Kim Hunt has served many leadership roles in Chicago LGBTQ+ and HIV/AIDS organizations since moving to the city in 1985.
The Chicago LGBT Hall of Fame inductee was the first executive director of Affinity Community Services. In addition, she has served on many civic boards and advisory councils including New Leaders Council, She100, Chicago Foundation for Women's LBTQ Giving Council and the Women's Advisory Council of the Center on Halsted.

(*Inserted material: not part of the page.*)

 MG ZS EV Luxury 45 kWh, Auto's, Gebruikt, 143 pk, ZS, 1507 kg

Hunt is currently the senior director of policy and advocacy operation for AIDS Foundation Chicago (AFC) and the Executive Director of Pride Action Tank (PAT), a project of AFC that aims to improve the health, safety and progress of individuals and groups within the LGBTQ+ community and other marginalized groups, especially the BIPOC community.

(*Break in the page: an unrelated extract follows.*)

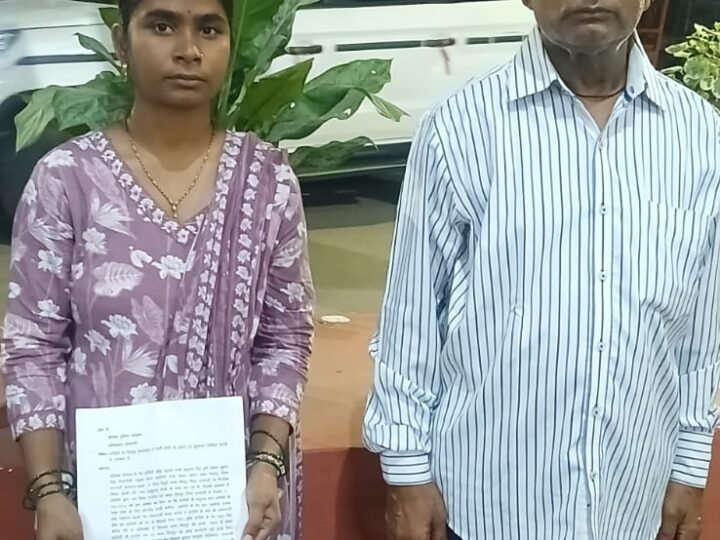 न्याय की गुहार लेकर डीएम की चौखट पर धरना दे रही विवाहिता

Hunt recently talked with Windy City Times about various aspects of her life, including what she has learned about herself as the world slowly emerges from a time like no other.
Windy City Times: You've been in several leadership positions since moving to Chicago. Did you set out to be a leader or was it just something that happened organically?

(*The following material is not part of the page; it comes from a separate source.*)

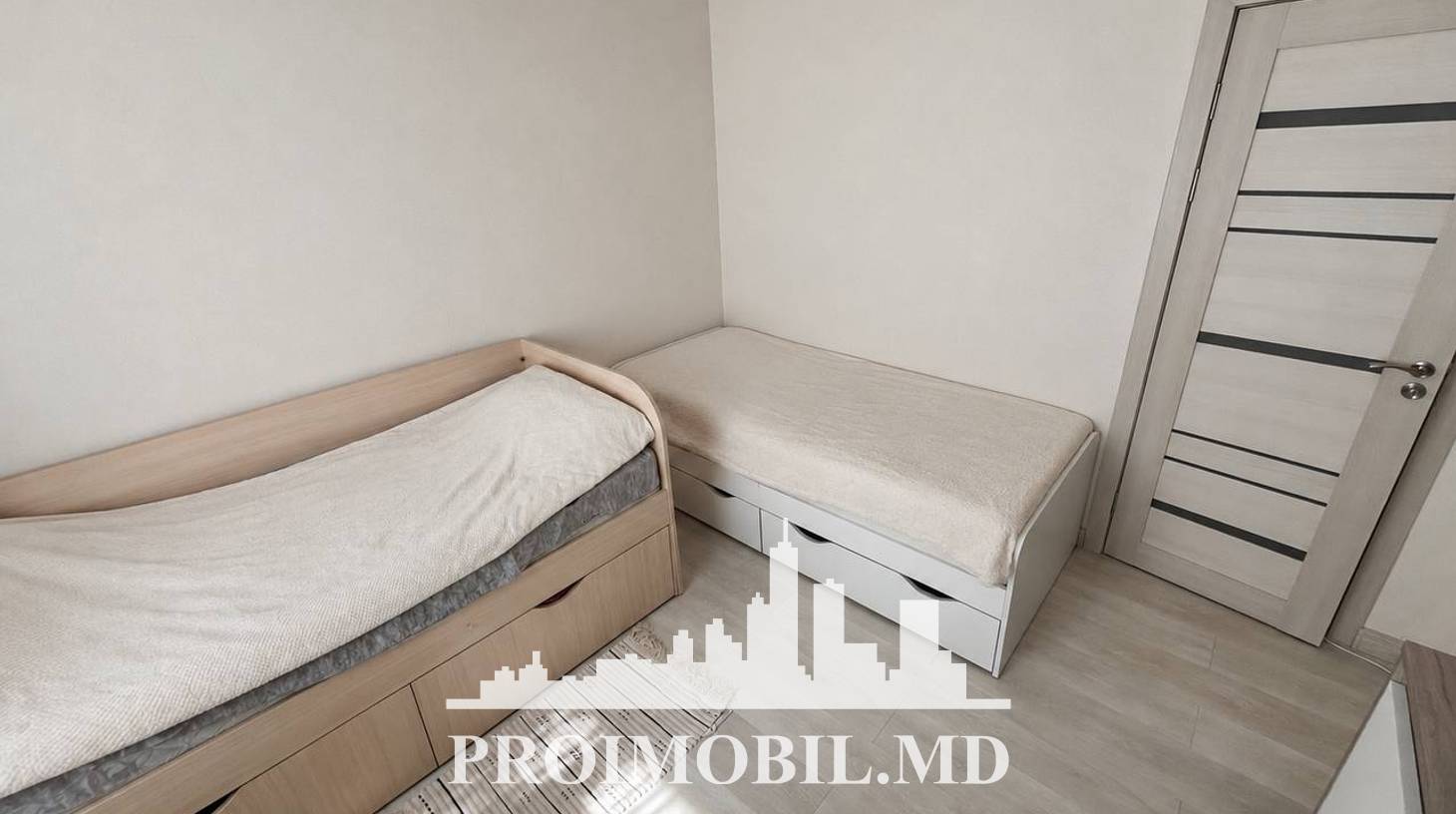 https://images.proimobil.md/rQhGXtxO8vd9otXmqzMwP-lHXOoSC_MFgL5JQrg6px4/watermark:0.75:so:0:30:0.39/resize:fill:1460:816:1/gravity:ce/bG9jYWw6Ly8vZXN0YXRlL2xyLzhiYTMyNDgzLTk1MTktNDhlYS04ZDQyLWEyMWNmN2FlYzIzYi5qcGVn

Kim Hunt: Oh, honey, that happened organically. [Both laugh.] I was very shy as a kid; I grew up in a family of big personalities so someone had to be quiet, and that was me. I was often the kid sitting in the corner, reading a book.
I also absorbed a lot. I loved hanging out with my mother and her friends; my mother would have card games happening on the weekends and they talked trash the whole timeand it was very entertaining. [Laughs] But I didn't feel like I needed to say much because everyone was so talkative. I would've never envisioned [what I do now] as a kid.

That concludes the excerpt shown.